The position in respect of unamended provision, thus, is very clear. Coming to the amendment in Section 4 of the Act, in the year 2000, it may be noted in the first instance that definition of ‘transaction value’ as per Section 4(3)(d) is exhaustive and covers within its purview, the price of goods and various other amounts charged by the assessee by reason of sale or in connection with sale. This provision reads as follows:

“(d) “transaction value” means the price actually paid or payable for the goods, when sold, and includes in addition to the amount charged as price, any amount that the buyer is liable to pay to, or on behalf of, the assessee, by reason of, or in connection with the sale, whether payable at the time of the sale or at any other time, including, but not limited to, any amount charged for, or to make provision for, advertising or publicity, marketing and selling organization expenses, storage, outward handling, servicing, warranty, commission or any other matter; but does not include the amount of duty of excise, sales tax and other taxes, if any, actually paid or actually payable on such goods.”

The expression ‘any amount that the buyer is liable to pay to’ is of significance. This expression shows that, apart from the price of the goods, the buyer should also be liable to pay an additional amount to the manufacturer/seller. In other words, the sale of the goods would not be made unless the buyer is also to pay an additional amount to the manufacturer, apart from the price of the goods. This is also supported by use of expression ‘by reason or’ or ‘in connection with the sale’ of the goods. The expression ‘in connection with the sale of the goods’ would only mean that but for the payment of the additional amount, the sale of the goods would not take place. Both the sides were in unison in accepting the position that no major change had been incorporated w.e.f. 01.07.2000 with emphasis on the ‘different transaction value’ from the ‘assessable value’, the essence of valuation principles had not undergone major change and the decisions delivered by this Court with regard to unamended provision on the principle of valuation were still applicable in determining the transaction value under the new provisions of Section 4 of the Act red with Central Excise Valuation (Determination of price of Excisable Goods) Rules, 2000. In fact, the Order-in-Original in M/s. TVS Motors Company Ltd. or in other cases itself proceeds on that basis.

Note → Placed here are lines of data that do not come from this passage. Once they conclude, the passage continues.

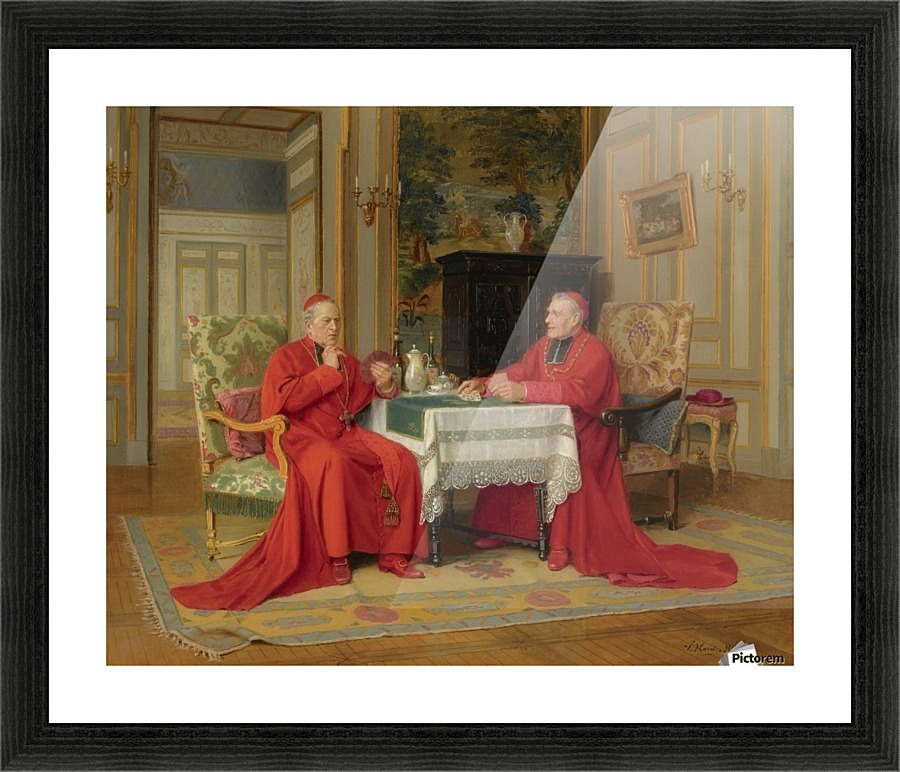 The winning hand Picture Frame print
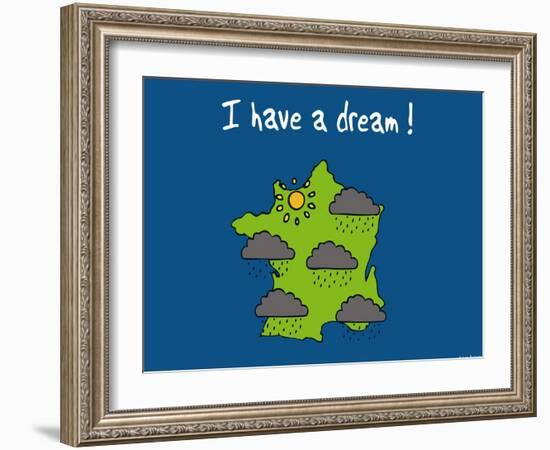 Heula. I have a dream-Sylvain Bichicchi-Framed Art Print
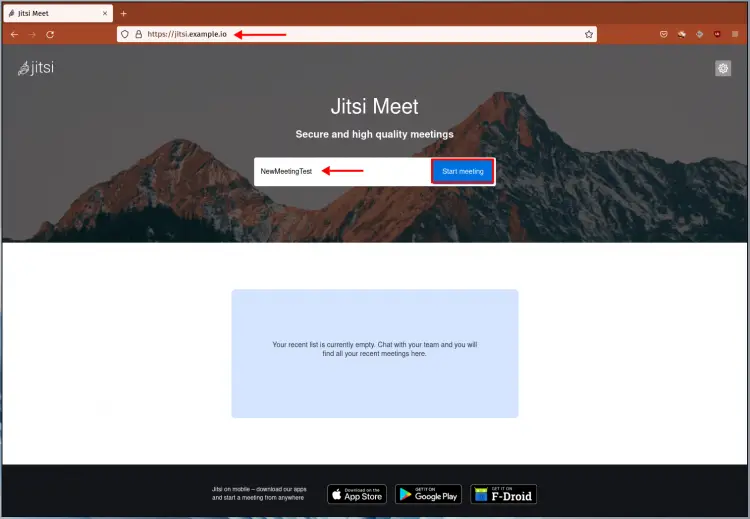 Jitsi Start Meeting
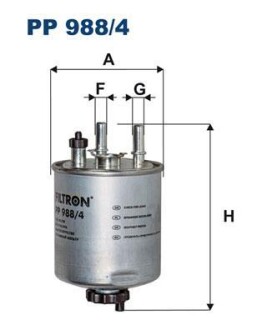 Фільтр паливний FILTRON PP9884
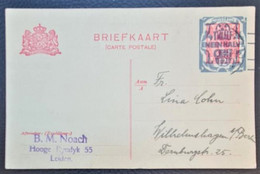 NETHERLANDS 1921 - Stationary - Briefkaart From Leiden To Wilhelmshagen - Ganzsachen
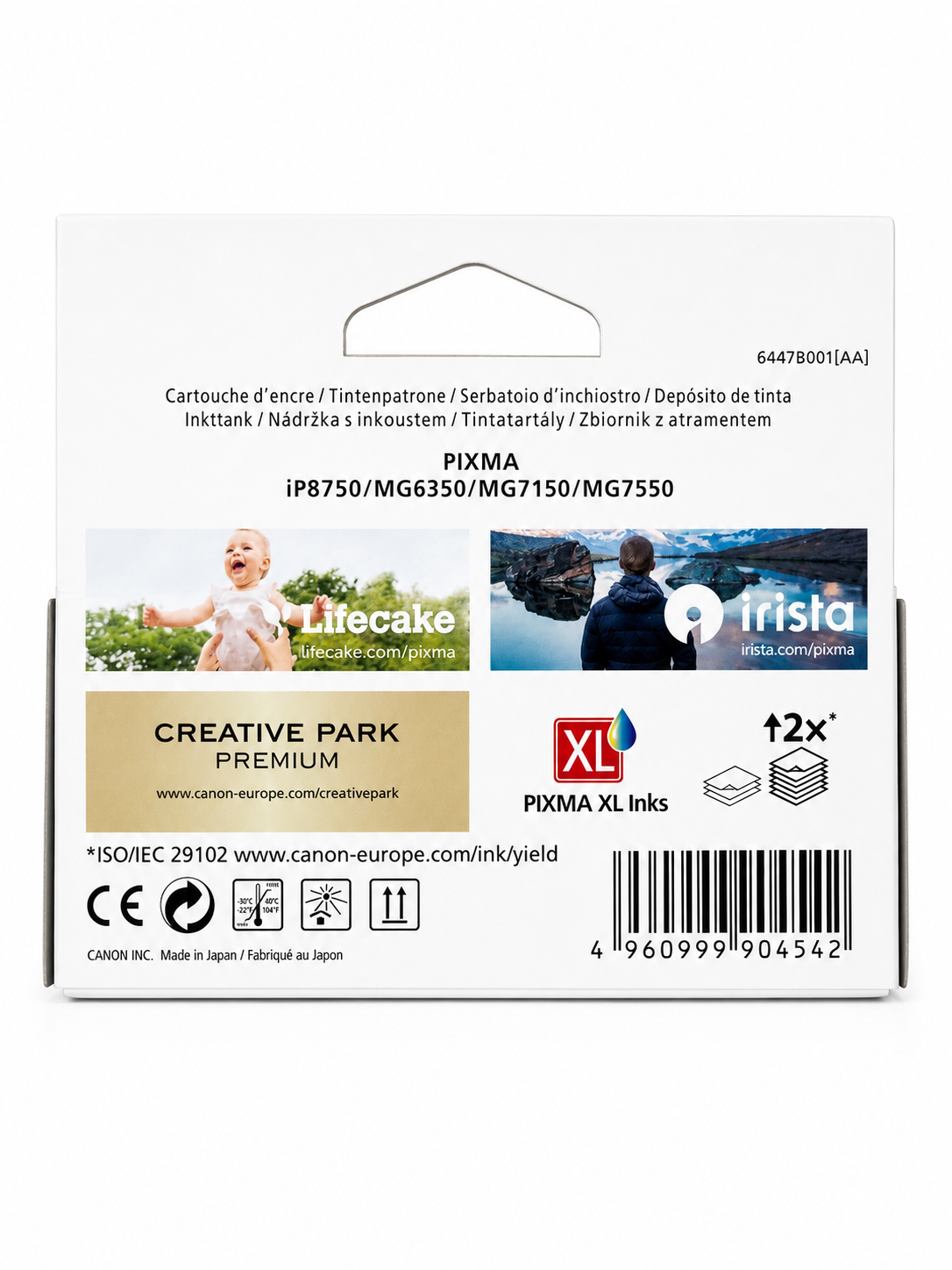 Original Canon CLI-571XL Grey High Yield Ink Cartridge for PIXMA MG6350, MG7150, MG7550, iP8750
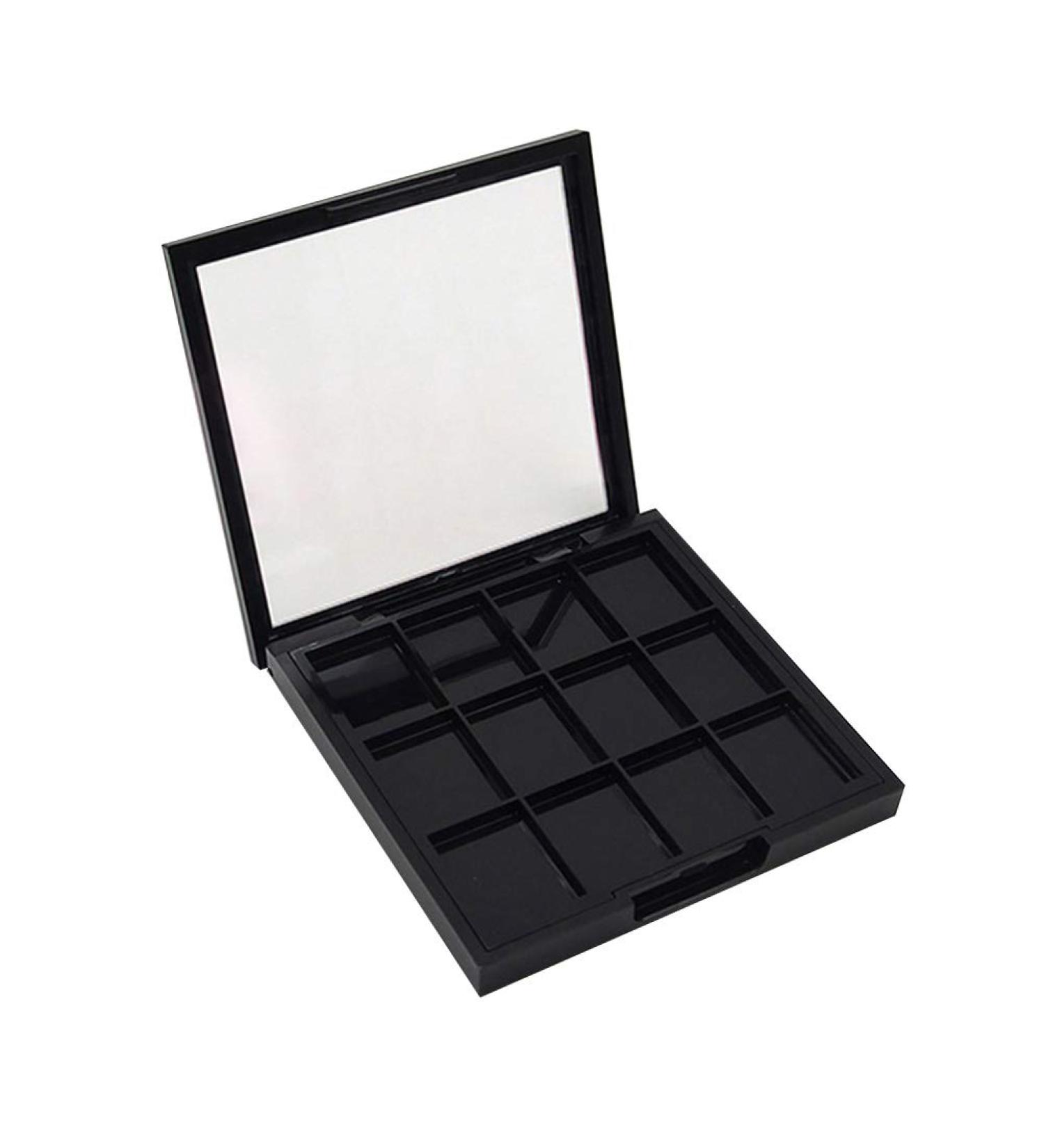 1PC 12 Grids Empty Eyeshadow Dish DIY Eyeshadow Eye Makeup Storage Box for Women Girls Beginners - Buy Online on GoSupps.com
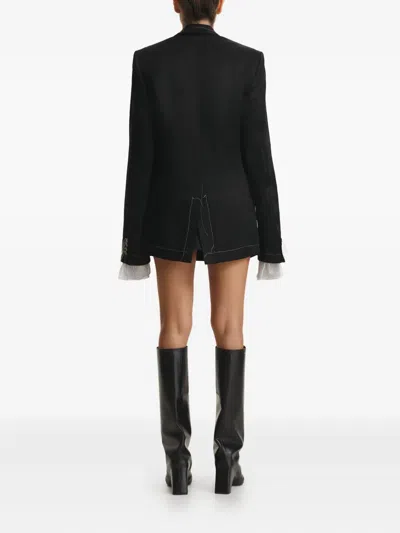 AVVA 对比缝线西装夹克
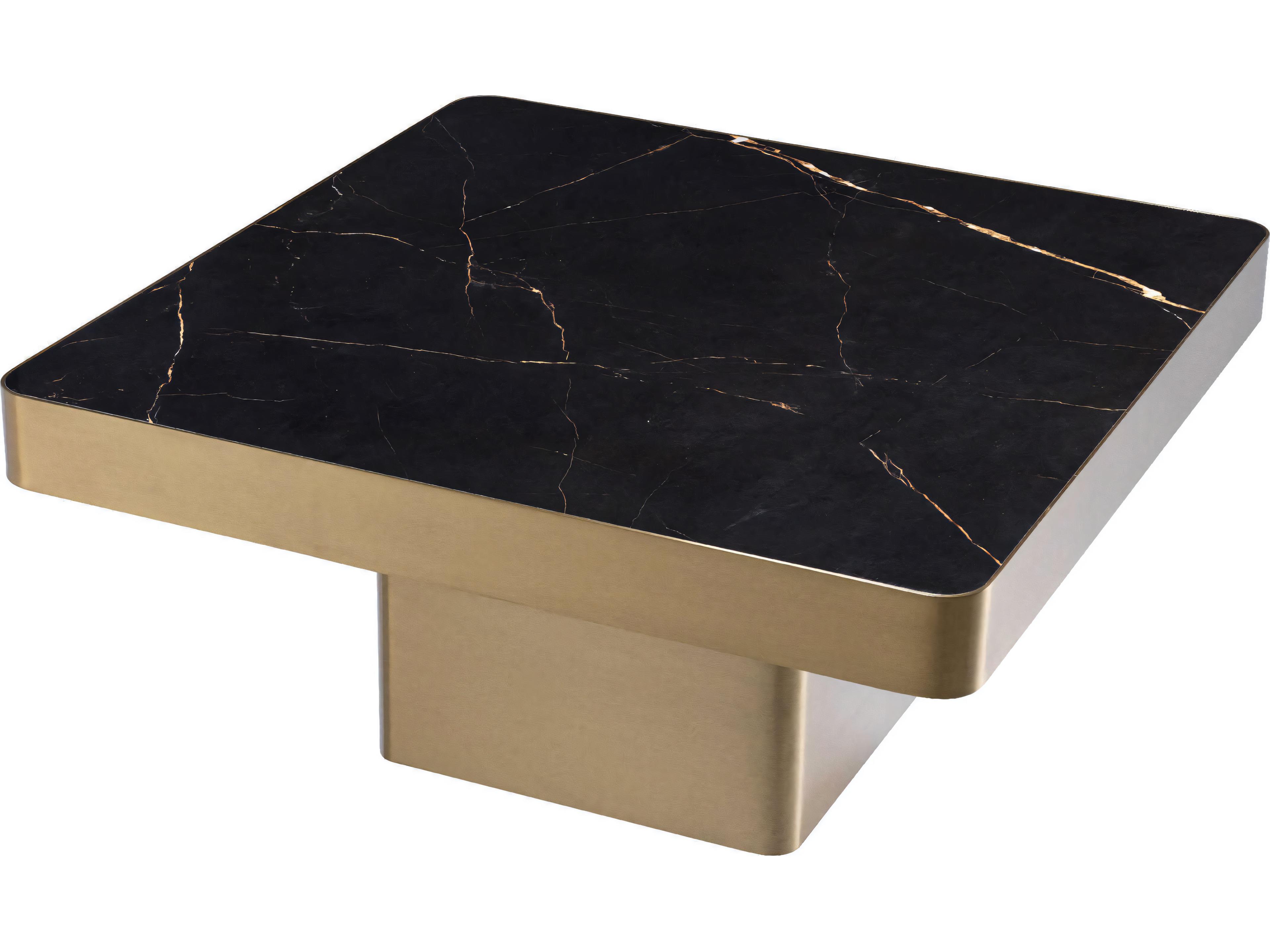 Eichholtz Luxus Brushed Brass Coffee Table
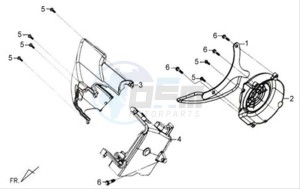 X'PRO 125 drawing AIRBOX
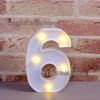 LED Luminous Letter and Number String Lights for Birthday, Proposal, and Event Décor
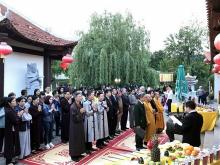 At the requiem to commemorate Vietnamese martyrs held in Truc Lam-Kharkov pagoda in Ukraine (Photo: VNA)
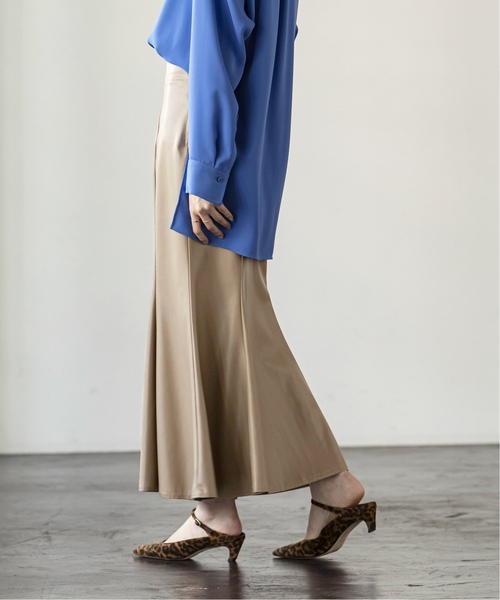 Noble（ノーブル）の「《追加》フェイクレザーマーメイドスカート 3（スカート・レディース・モカ/ホワイト系その他/ブラック・34/36/38）」の20枚目の写真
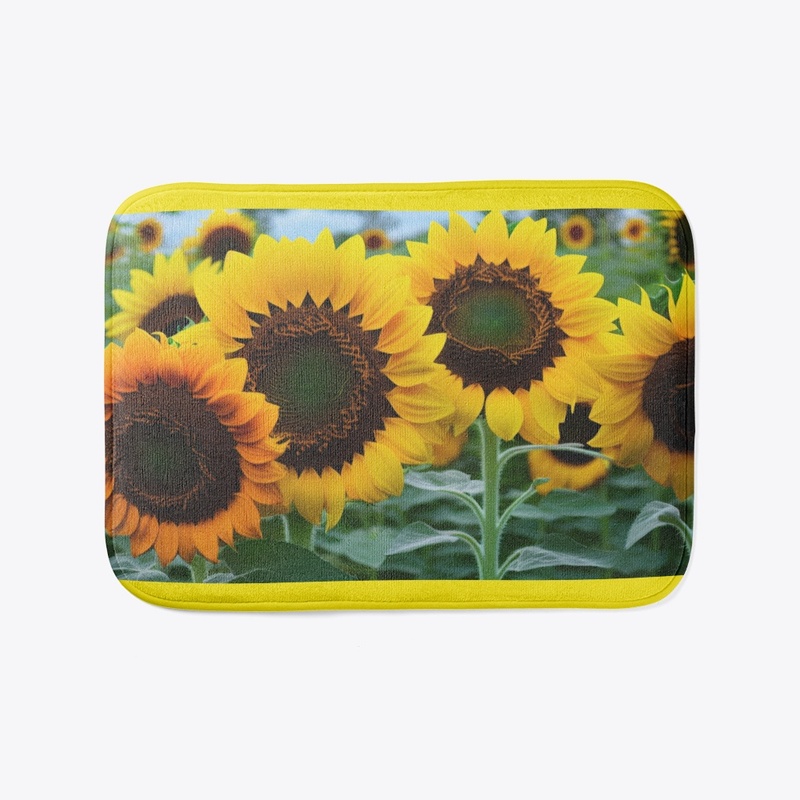Sunflowers Bath Mat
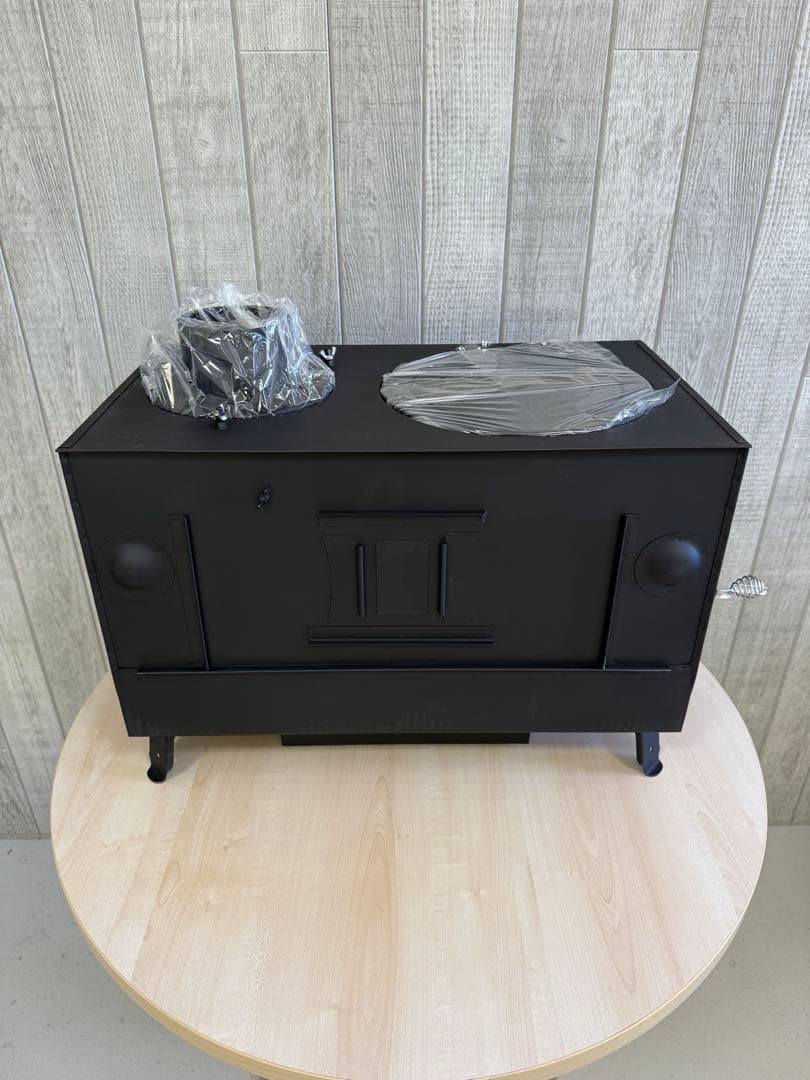 ロマンチカル 薪ストーブ 新保製作所 煙突上出し 脚長さん ピザオーブン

The Hon’ble court further stated that the provisions of Section 4 as amended are not materially different from the provisions of Section 4 as were prevailing prior to 1st July, 2000. By the amendment, a new term has been introduced by name “transaction value” and the said term transaction value has been specifically defined in Section 4(3)(d) of the said Act. The present Section 4(1)(a) r/w definition of term transaction value gives more clarity and all doubts as to how the assessable value is to be arrived at are removed. It is also noted that the various items incorporated in the term transaction value as defined in Section 4(3)(d) of said Act as forming part of value of Excisable goods are in fact the expenses/deductions specifically disallowed by the Supreme Court in Bombay Tyre International Ltd. reported in 1983 (14) ELT 1896 SC. If one closely observes the definition of the term transaction value, it uses the terminology ‘servicing’. It appears that the respondents are taking the benefit of this term ‘servicing’ for the purpose of adding to the assessable value, the expenses incurred by the dealer towards PDI and free said services by resorting to Clause 7 of Circular dated 1st July, 2002 and Circular dated 12th December, 2002.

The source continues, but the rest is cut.